The QL was designed to be more powerful than the IBM Personal Computer, and comparable to Apple's Macintosh.[10] While the CPU clock speed is comparable to that of the Macintosh, and the later Atari ST and Amiga, the 8-bit databus and cycle stealing of the ZX8301 gate array limit the QL's performance.

Sinclair had commissioned GST Computer Systems to produce the operating system for the machine, but switched to Domesdos, developed by Tony Tebby as an in-house alternative, before launch. GST's OS, designed by Tim Ward, was later made available as 68K/OS, in the form of an add-on ROM card.[11][12] The tools developed by GST for the QL would later be used on the Atari ST, where GST object format became standard.

Launch

[edit]
Sinclair QL ROM "dongle" – needed to expand the internal 32 KB ROM to 48 KB in early QLs

At the time of the rushed launch, on 12 January 1984, the QL was far from being ready for production—there being no complete working prototype in existence. Although Sinclair started taking orders immediately, promising delivery within 28 days, first customer deliveries only started, slowly, in April. This provoked criticism of the company and the attention of the Advertising Standards Authority.[8]

Because of its premature launch, the QL was plagued by a number of problems from the start. Early production QLs were shipped with preliminary versions of firmware containing numerous bugs, mainly in SuperBASIC. Part of the firmware was held on an external 16 KiB ROM cartridge also known as the "kludge" or "dongle", until the QL was redesigned to accommodate the necessary 48 KiB of ROM internally, instead of the 32 KiB initially specified.[8]

The QL also suffered from reliability problems of its Microdrives. These problems were later rectified, by Sinclair engineers, especially on Samsung produced models, as well as by aftermarket firms such as Adman Services and TF Services, to the point where several QL users report the Samsung Microdrives in particular working perfectly even after almost 17 years of service; but in any case too late to redeem the negative image they had already created.[citation needed]

Reception

[edit]

Although the computer was hyped as being advanced for its time, and relatively cheap, it failed to sell well, and UK production was suspended in 1985, due to lack of demand. After Amstrad acquired Sinclair's computer products lines in April 1986, the QL was officially discontinued.

Apart from its reliability issues, the target business market was becoming wedded to the IBM PC platform, whilst the majority of ZX Spectrum owners were uninterested in upgrading to a machine which had a minimal library of games (with only about 70 titles,[13] compared to the Spectrum's more than 4700[14]).

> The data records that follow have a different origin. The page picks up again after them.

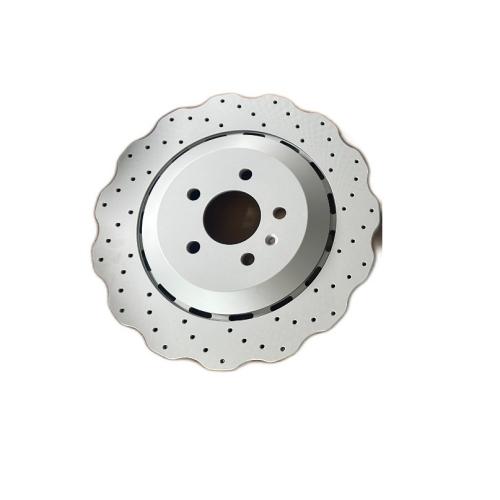Performance Rear Drilled Wavy Brake Discs 356mm X2 For Audi RS6 C7 4G Avant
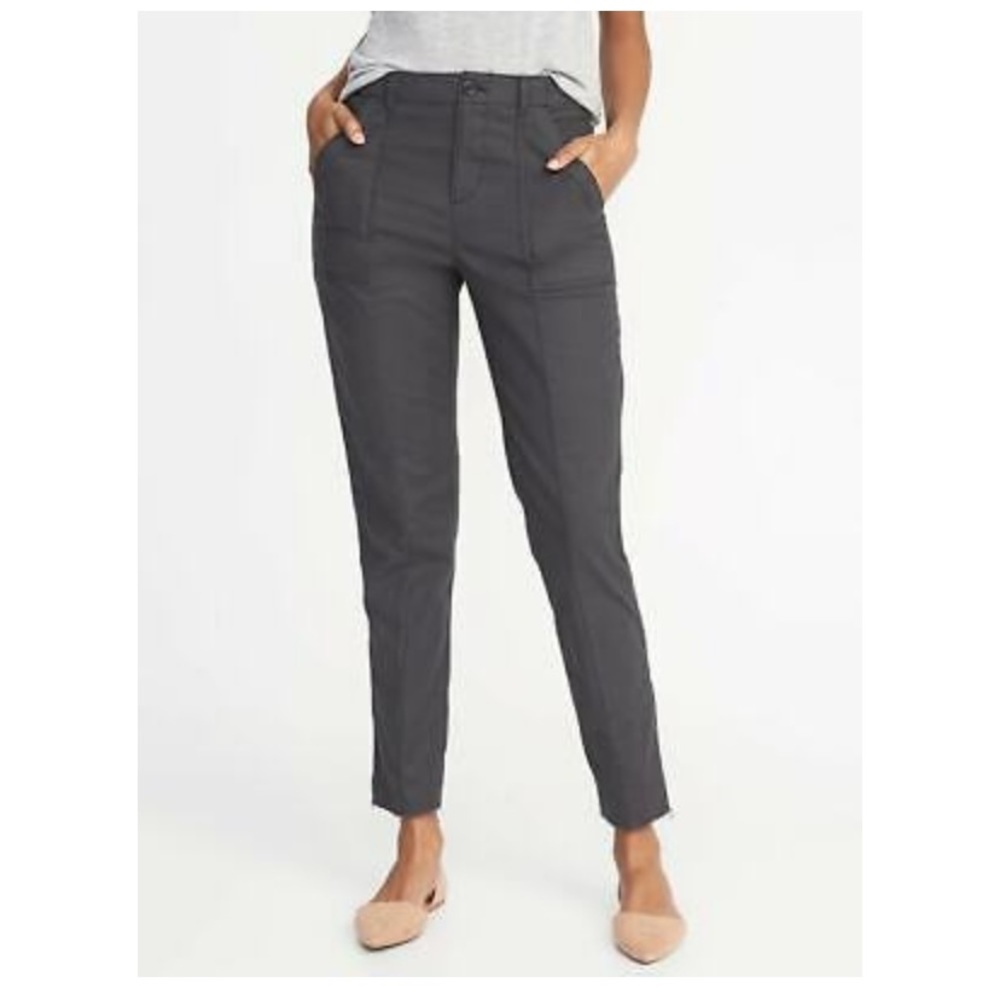 Old Navy Raw-Edge Utility Chinos - NWT 16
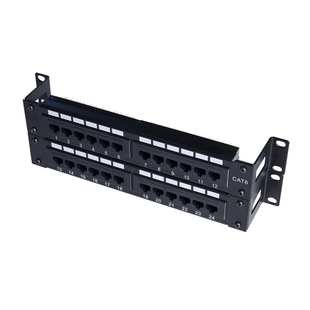 2U Category 6 24 Ports Unshielded Monolithic Patch Panel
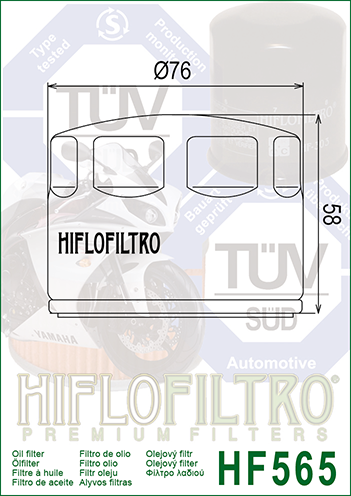 HF565 Hi-Flo Oljefilter - 2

Sinclair's persistence with the non-standard Microdrive and uncomfortable keyboard did not endear it to the business market. Clive Sinclair later maintained that the Microdrive was "a marvellous approach", also claiming that he had really wanted to base the QL on the Z80, that others in the company had persuaded him to use the 68000, and that "there was nothing you could do on the 68000 that you couldn't do on the Z80".[15] Software publishers were also reluctant to support the QL because Microdrive cartridges were the only available distribution medium for the QL, and the unfavourable pricing of the medium (production costs being given as over six times that of compact cassette) impacted profitability and made QL-based products uncompetitive.[16]

Dedicated magazines were published for the system, such as QL World (published from 1985 to 1994),[17] QL User (published from 1984 to 1985),[18] or QL Today (published from 1996 to 2013).[19]

Design

[edit]
Motorola 68008 and ZX8301 on the QL's PCB

Based on a Motorola 68008 processor clocked at 7.5 MHz, the QL included 128 KiB of RAM, which is officially expandable to 640 KiB and in practice, 896 KB.[20]

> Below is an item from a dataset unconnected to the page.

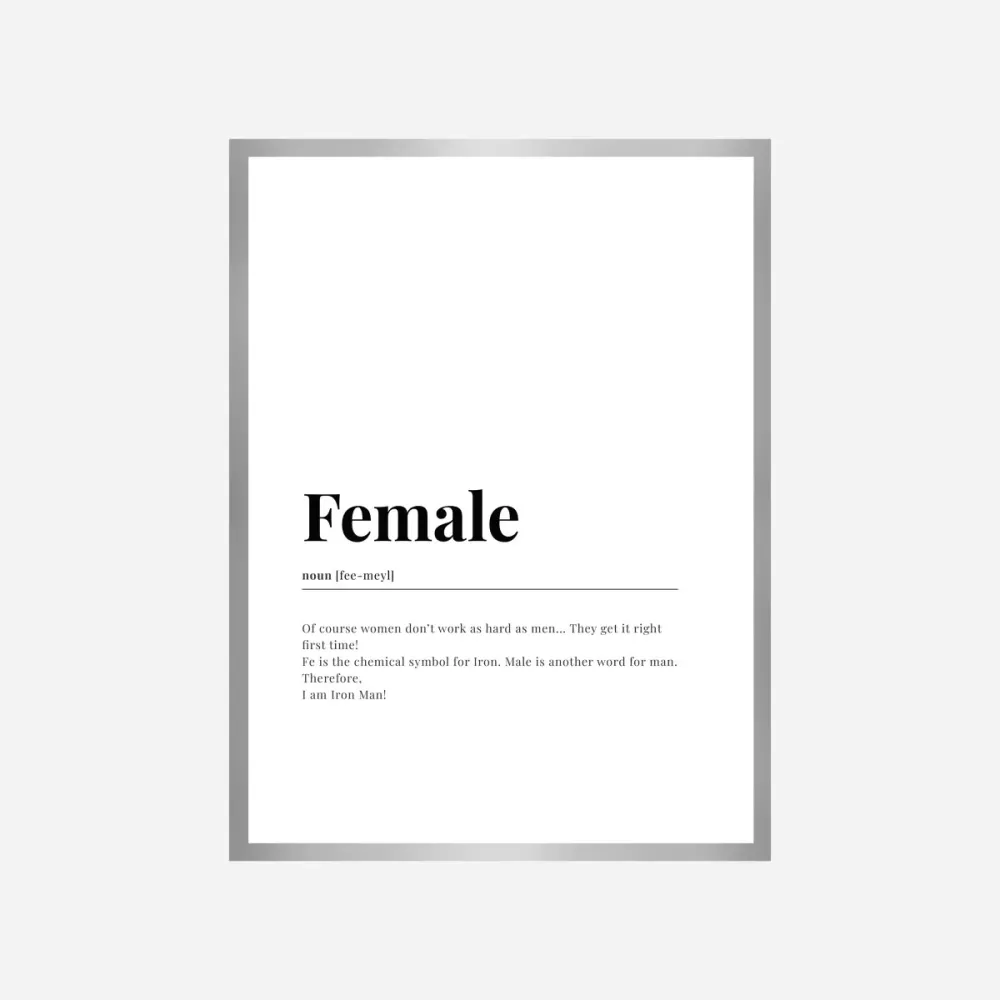 Female Dictionary Art Print Good Words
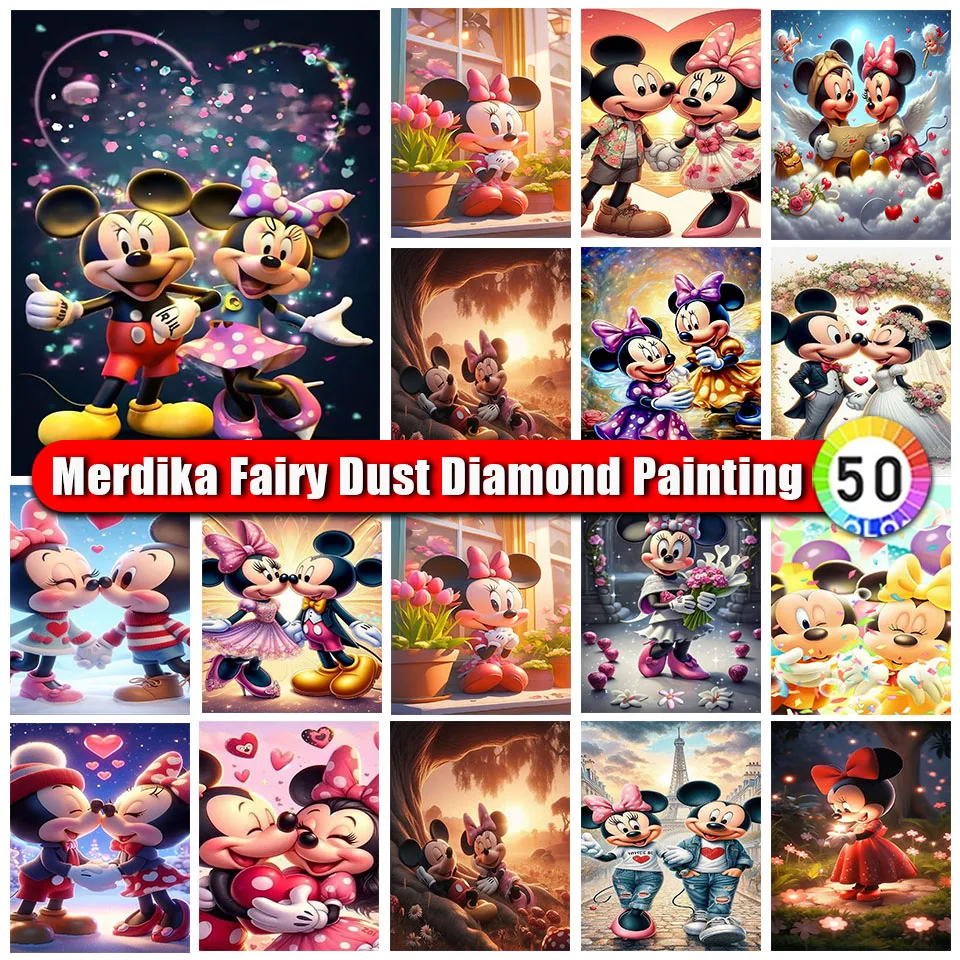 Zipper Bag Fairy Dust Diamond Painting Disney Mickey Mouse Minnie Diamond  Embroidery Kits Mosaic Wall Decor DIY Gift NEW 2024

It can be connected to a monitor or TV for display. Sinclair recommended the "SINCLAIR VISION-QL" RGB monitor for usage with the QL.[21] When connected to a normally-adjusted TV or monitor, the QL's video output overscans horizontally. This is reputed to have been due to the timing constants in the ZX8301 chip being optimised for the flat-screen CRT display originally intended for the QL.[22]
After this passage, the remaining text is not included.